Sumber: Tribunnews.com
Editor: Sanusi
Setelah sempat mangkrak di tahun lalu, pemerintah akhirnya memutuskan kembali melanjutkan revisi keenam atas Peraturan Pemerintah (PP) Nomor 23 Tahun 2010 tentang pelaksanaan kegiatan usaha pertambangan mineral dan batubara (minerba).
Kepala Biro Hukum Kementerian ESDM Hufron Asrofi membenarkan, kelanjutan revisi PP 23/2010 itu telah dibahas dalam rapat di Sekretariat Negara (Setneg). Menurut Hufron, rancangan revisi PP (RPP) tersebut sudah selesai melalui proses pembahasan, harmonisasi dan juga klarifikasi bersama kementerian terkait.
“Sudah selesai pembahasan,” kata Hufron saat dihubungi Kontan.co.id, Minggu (12/1).
Menurut informasi yang diterima Kontan.co.id, rapat klarifikasi untuk menindaklanjuti revisi PP 23/2010 itu digelar pada Jumat (10/1) lalu bertempat di Kantor Kementerian Sekretariat Negara.

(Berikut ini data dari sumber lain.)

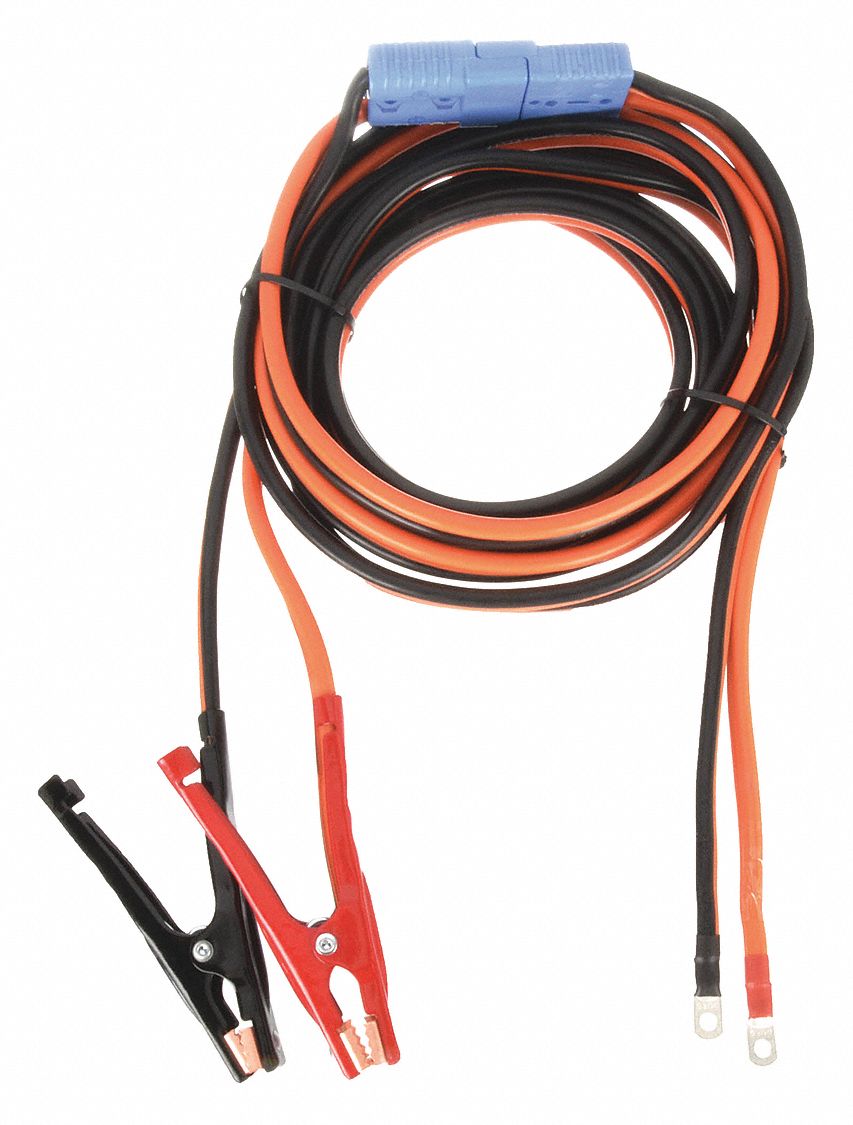 BOOSTER CABLE, CRIMPED, 4 AWG, SPRING CLAMP GRIP, 25 FT CABLE L, BLACK/ORANGE, 400 A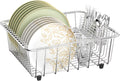 Dish Drying Rack in-Sink 304 Stainless Steel Dish Drainer with Stainless Steel Silverware Holder Over Inside Sink-Adjustable – Durable Stainless Steel Construction for Simple Storage and Daily Tasks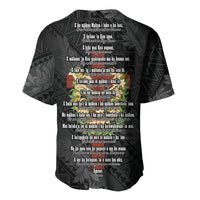 Hawaii Ka Pule a ka Haku Memorial Baseball Jersey Flower Lei Cross - Black LT7 - Polynesian Pride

Rapat yang dipimpin oleh Deputi Bidang Hukum dan Perundang-undangan itu melibatkan sejumlah kementerian dan lembagai terkait, yakni Kementerian Koordinator (Kemenko) Bidang Kemaritiman dan Investasi, Kemenko Bidang Perekonomian, Kementerian ESDM, Kementerian Keuangan, Kementerian BUMN, Kementerian Hukum dan HAM, dan Sekretariat Kabinet.
Sebagai informasi, revisi keenam PP Nomor 23 tahun 2010 ini pada pokoknya disiapkan untuk mengatur perizinan pemegang Perjanjian Karya Pengusahaan Pertambangan Batubara (PKP2B), khususnya dalam perpanjangan kontrak dan perubahan statusnya menjadi Izin Usaha Pertambangan Khusus (IUPK).
Revisi regulasi tersebut sudah mencuat sejak November 2018 lalu. Pemerintah awalnya menargetkan revisi PP Nomor 23/2010 bisa rampung pada akhir tahun 2018, namun penyelesaiannya terus molor hingga 2019.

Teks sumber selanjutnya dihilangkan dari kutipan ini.